**WORK ORDER:** Every line of the data below is to be duplicated exactly, pictures excepted.

(Items from a data source)
● ● ● ●
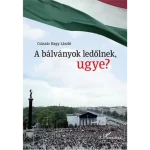 Újdonság A bálványok ledőlnek, ugye?
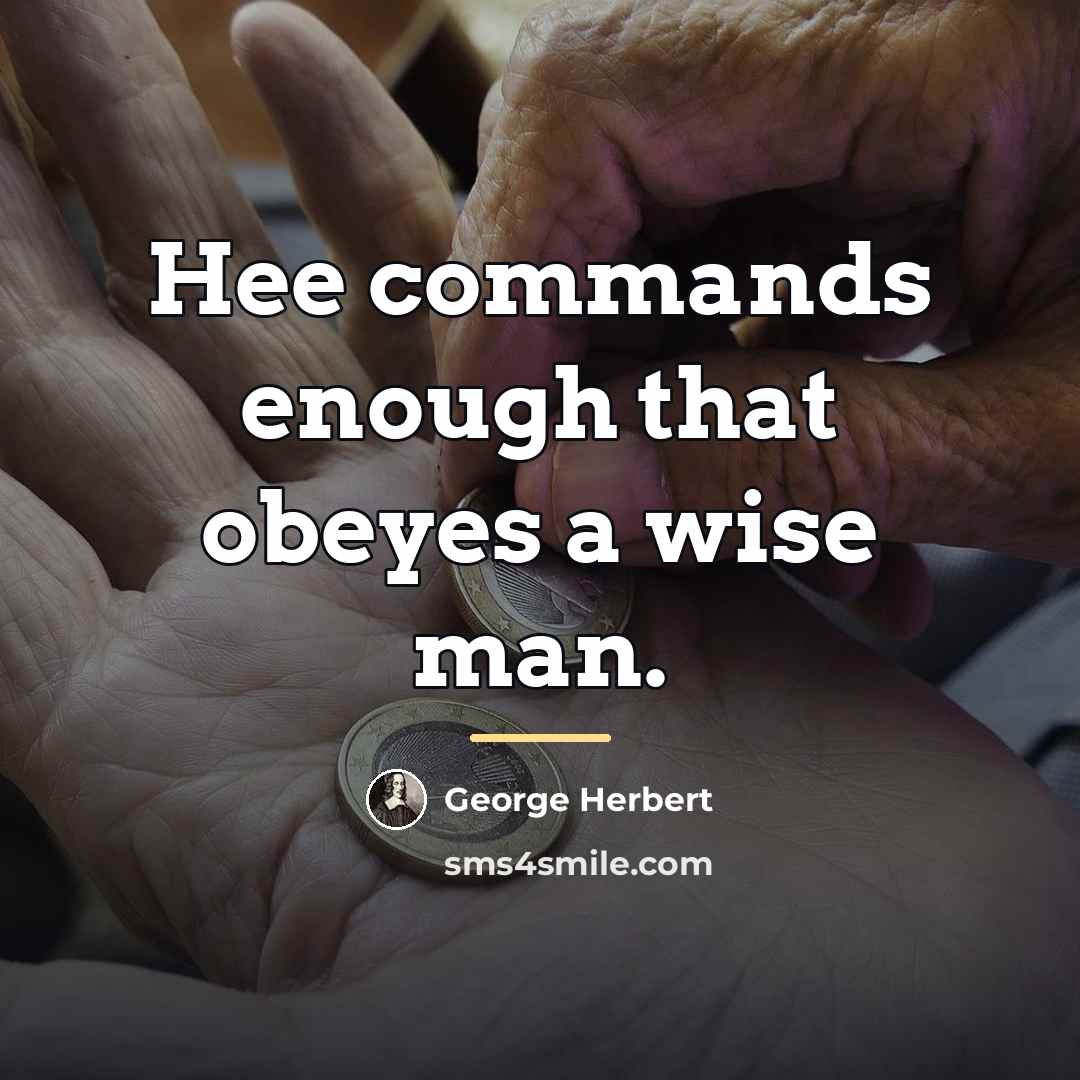 “Hee commands enough that obeyes a wise man.…” quote by George Herbert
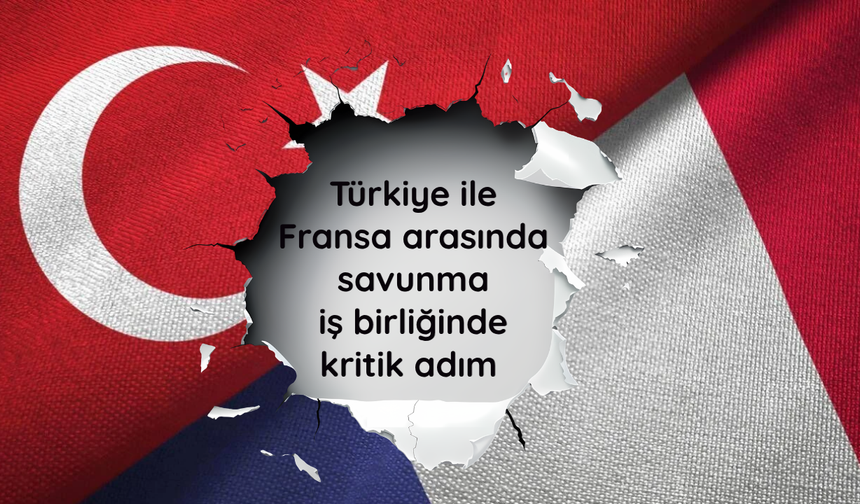 Türkiye ile Fransa arasında savunma iş birliğinde kritik adım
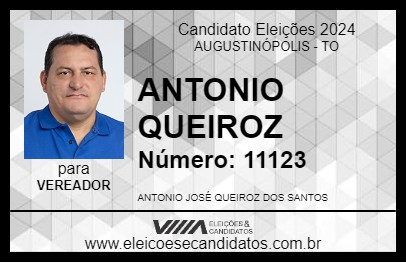 Candidato ANTONIO QUEIROZ 2024 - AUGUSTINÓPOLIS - Eleições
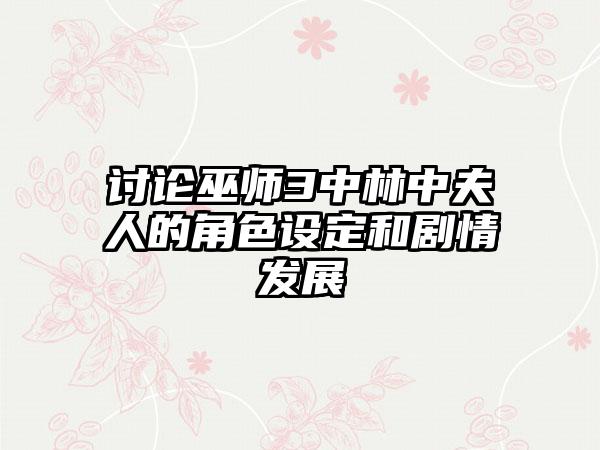 讨论巫师3中林中夫人的角色设定和剧情发展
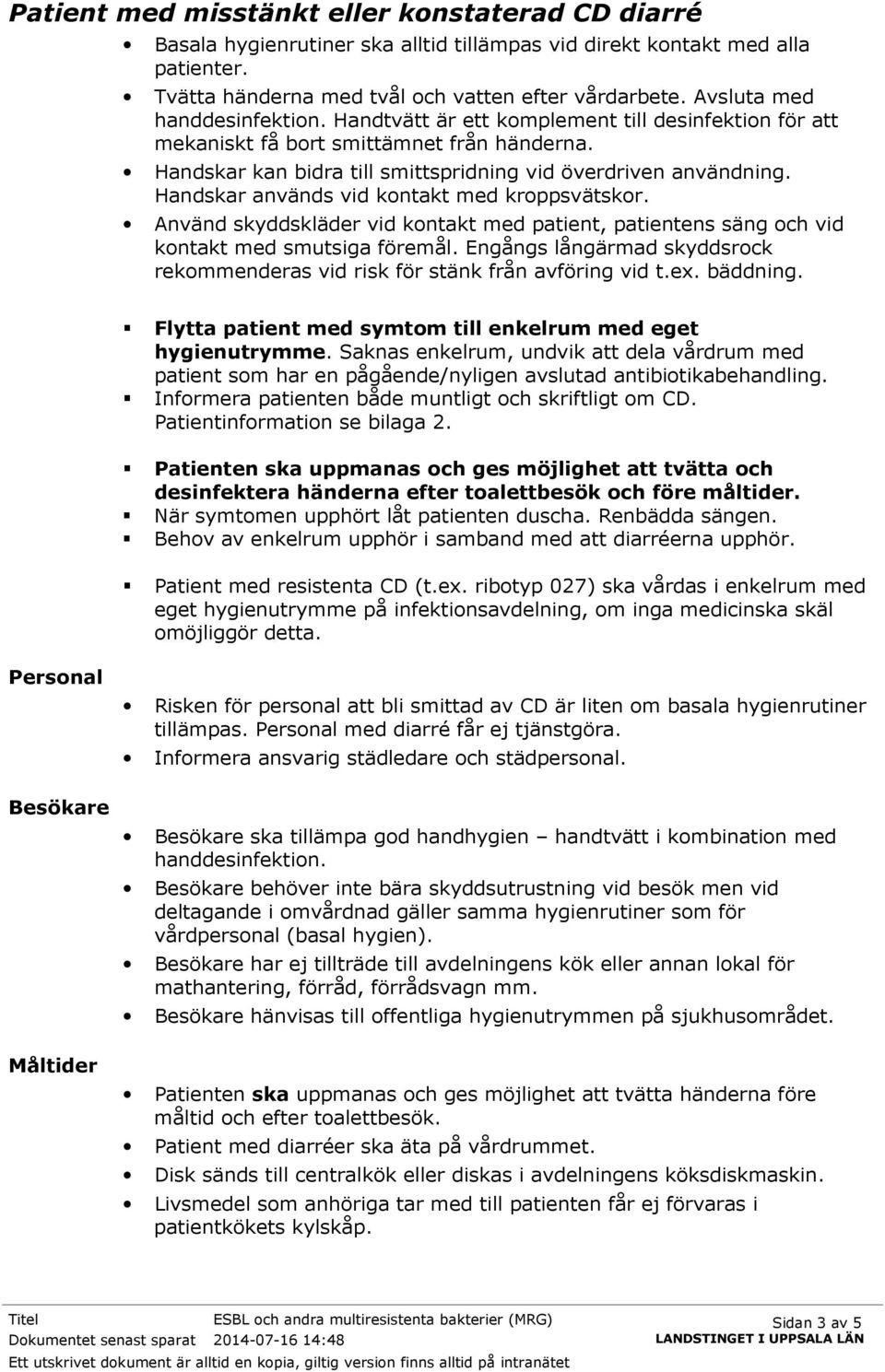 Handskar används vid kontakt med kroppsvätskor. Använd skyddskläder vid kontakt med patient, patientens säng och vid kontakt med smutsiga föremål.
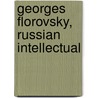 Georges Florovsky, Russian Intellectual door Andrew Blane
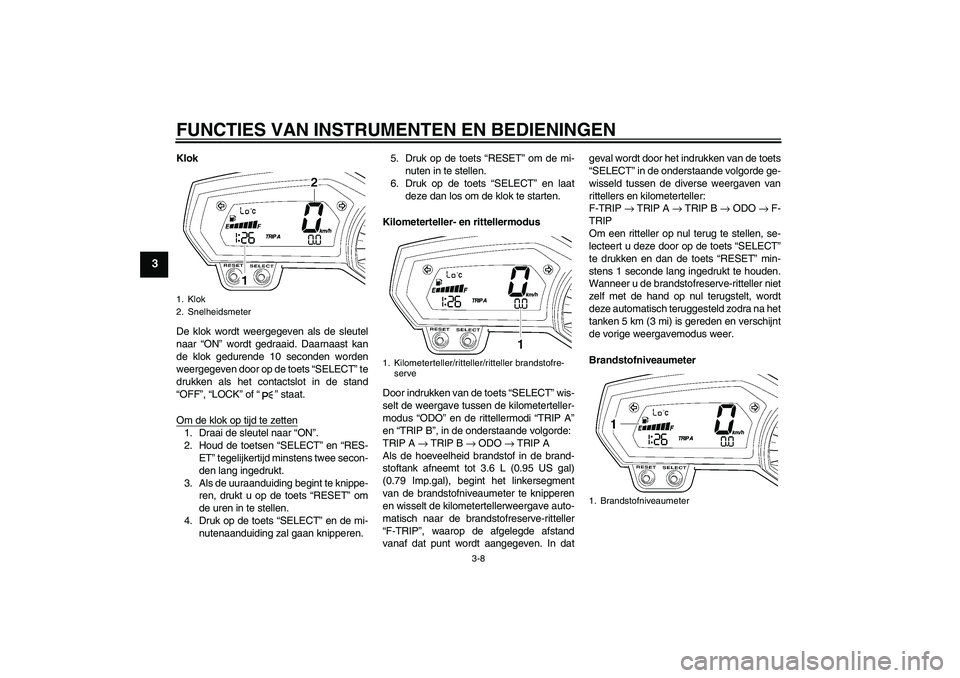 YAMAHA FZ6 NHG 2007  Instructieboekje (in Dutch) FUNCTIES VAN INSTRUMENTEN EN BEDIENINGEN
3-8
3
Klok
De klok wordt weergegeven als de sleutel
naar “ON” wordt gedraaid. Daarnaast kan
de klok gedurende 10 seconden worden
weergegeven door op de toe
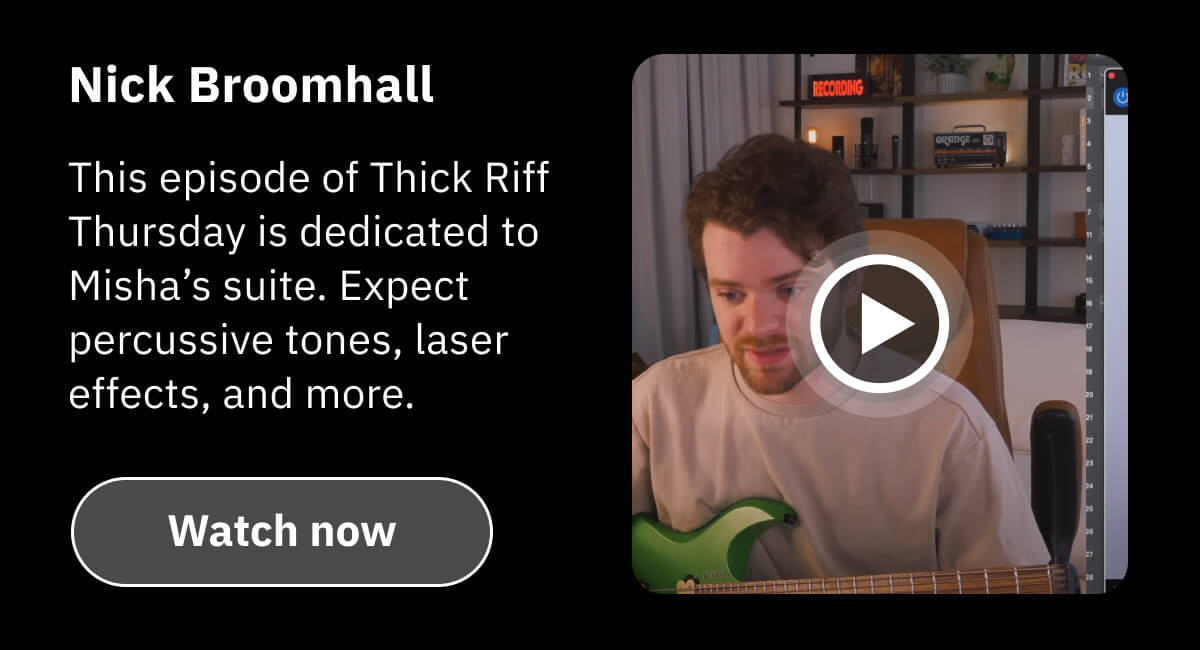 Nick Broomhall This episode of Thick Riff Thursday is dedicated to Misha’s suite. Expect percussive tones, laser effects, and more.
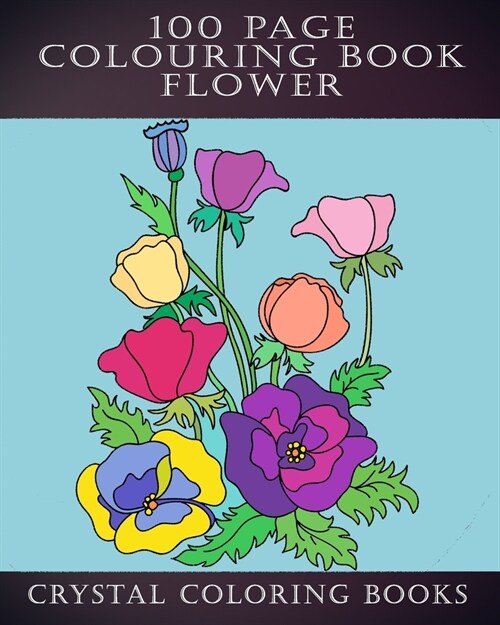 100 Page Colouring Book: 100 Great Flower Colouring Pages. A Great Gift For Anyone That Loves Colouring. (Paperback)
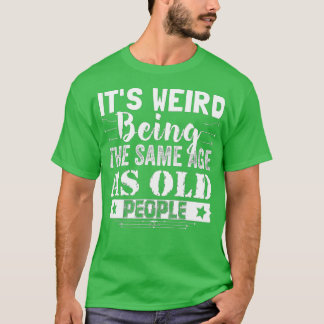 T-shirt C'est bizarre d'être le même âge que les personnes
● ● ● ●
**TASK ANSWER:**
 Újdonság A bálványok ledőlnek, ugye?
 “Hee commands enough that obeyes a wise man.…” quote by George Herbert
 Türkiye ile Fransa arasında savunma iş birliğinde kritik adım
 Candidato ANTONIO QUEIROZ 2024 - AUGUSTINÓPOLIS - Eleições
 讨论巫师3中林中夫人的角色设定和剧情发展
 Handskar används vid kontakt med kroppsvätskor. Använd skyddskläder vid kontakt med patient, patientens säng och vid kontakt med smutsiga föremål.
 Georges Florovsky, Russian Intellectual door Andrew Blane
 YAMAHA FZ6 NHG 2007  Instructieboekje (in Dutch) FUNCTIES VAN INSTRUMENTEN EN BEDIENINGEN
3-8
3
Klok
De klok wordt weergegeven als de sleutel
naar “ON” wordt gedraaid. Daarnaast kan
de klok gedurende 10 seconden worden
weergegeven door op de toe
 Nick Broomhall This episode of Thick Riff Thursday is dedicated to Misha’s suite. Expect percussive tones, laser effects, and more.
 100 Page Colouring Book: 100 Great Flower Colouring Pages. A Great Gift For Anyone That Loves Colouring. (Paperback)
 T-shirt C'est bizarre d'être le même âge que les personnes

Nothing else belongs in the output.